À l'aube, Villepin est encore à Paris alors que son discours est programmé quelques heures plus tard à New-York. Il lit le texte qui lui est présenté ; il ne le satisfait pas. « Il faut du souffle », lance-t-il en faisant des moulinets avec ses bras. « Je me rends compte qu'il manque au discours, au-delà d'une partie diplomatique épurée, une mise en perspective plus historique et personnelle, lui conférant une épaisseur indispensable », témoigne-t-il dans le livre de Michaël Moreau.
Il dicte alors à sa secrétaire le passage qui restera dans l'Histoire : « Et c'est un vieux pays, la France, d'un vieux continent comme le mien, l'Europe, qui vous le dit, qui a connu des guerres, l'Occupation, la barbarie. Un pays qui n’oublie pas et qui sait tout ce qu’il doit aux combattants de la liberté venus d’Amérique et d’ailleurs et qui pourtant n’a jamais cessé de se tenir debout face à l’Histoire et devant les hommes. Fidèle à ses valeurs, il veut agir résolument avec tous les membres de la communauté internationale. Il croit en notre capacité à construire ensemble un monde meilleur. »

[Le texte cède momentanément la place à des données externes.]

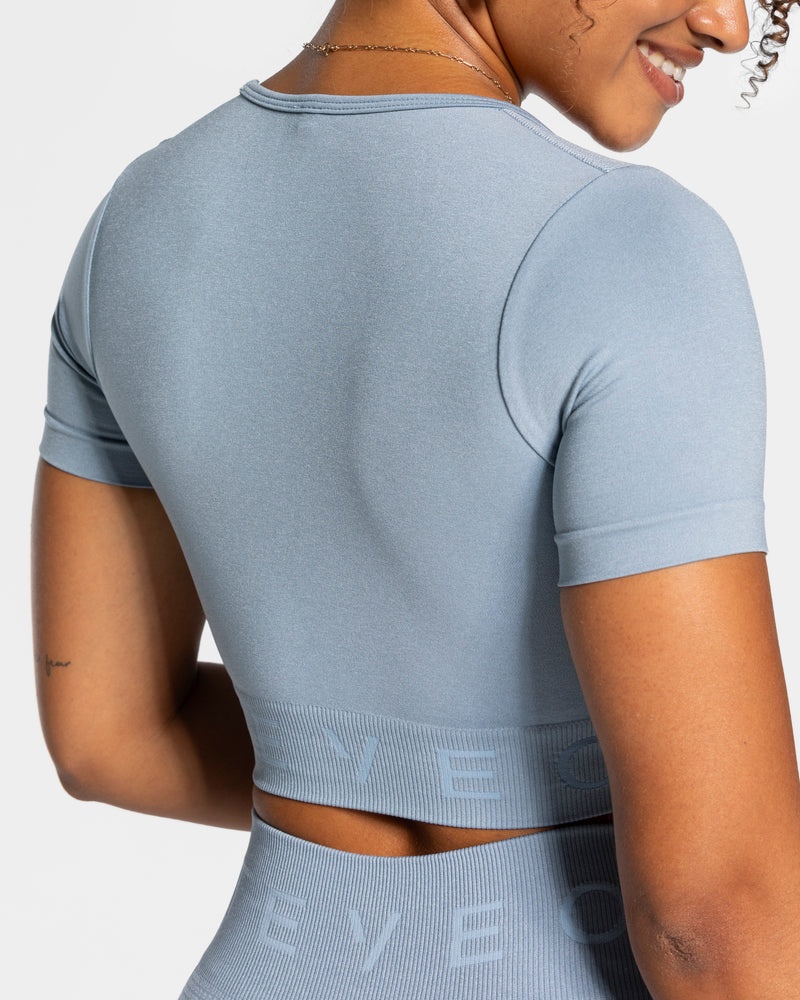 Grey Blue Women Teveo Focus Crop Tops | TAS-1282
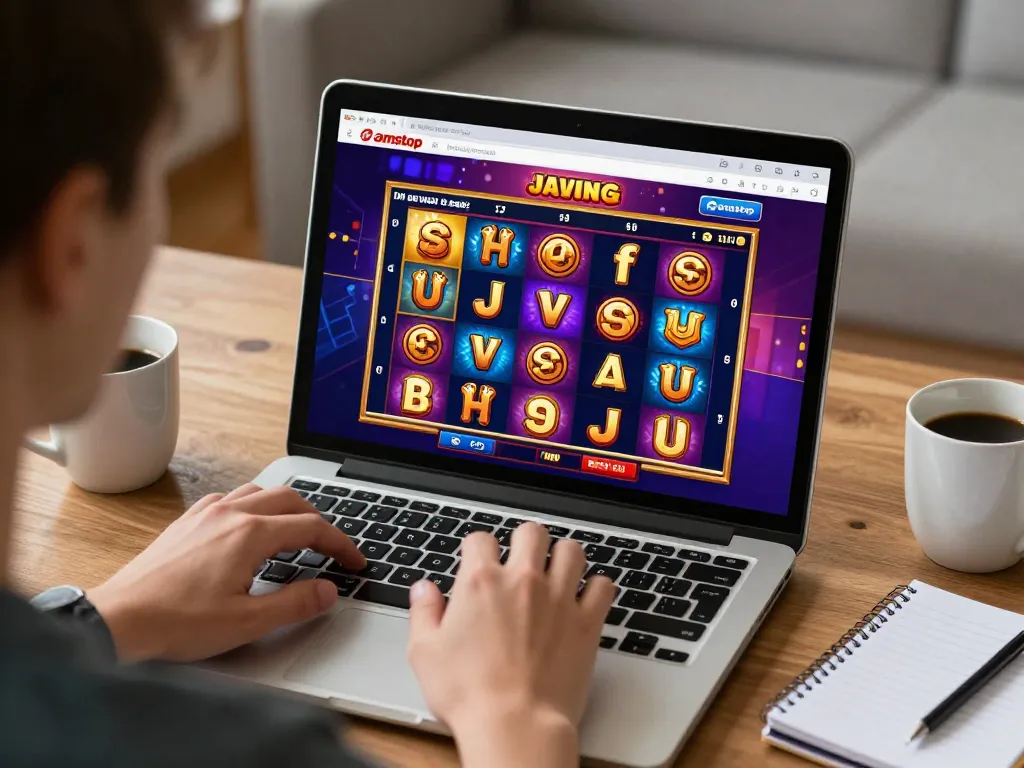 Playing slots not on Gamstop on a laptop with a colorful online casino interface during a cozy gaming session.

« Cette dernière partie me permet de rentrer tout entier dans le discours. Issu d'une famille de militaires qui a pu mesurer dans sa chair la gravité des enjeux, je souhaite donner la plus grande force et vérité possibles à ma démonstration », commente Villepin. Il ne reste plus au ministre qu'à prendre le Concorde qui le conduit à New-York en trois heures et demie, le temps de modifier encore quelque peu le discours avec son conseiller Bruno Le Maire qui l'accompagne et qui transmet par téléphone les dernières retouches au directeur de cabinet à Paris.
Mais Villepin est alors saisi par un doute concernant le lyrisme de sa déclaration sur « le vieux pays ». N'a-t-il pas heurté Chirac à qui le discours a été transmis ? Vilmont le rassure à l'autre bout du fil : Chirac n'a émis aucune objection. Dans cette course contre la montre, les ultimes corrections sont portées avant que la version définitive ne soit envoyée aux diplomates français sur place qui le remettent au ministre à son arrivée dans la salle du Conseil de sécurité de l'ONU au terme d'un processus rocambolesque accompli dans l'urgence grâce aux techniques de communication modernes.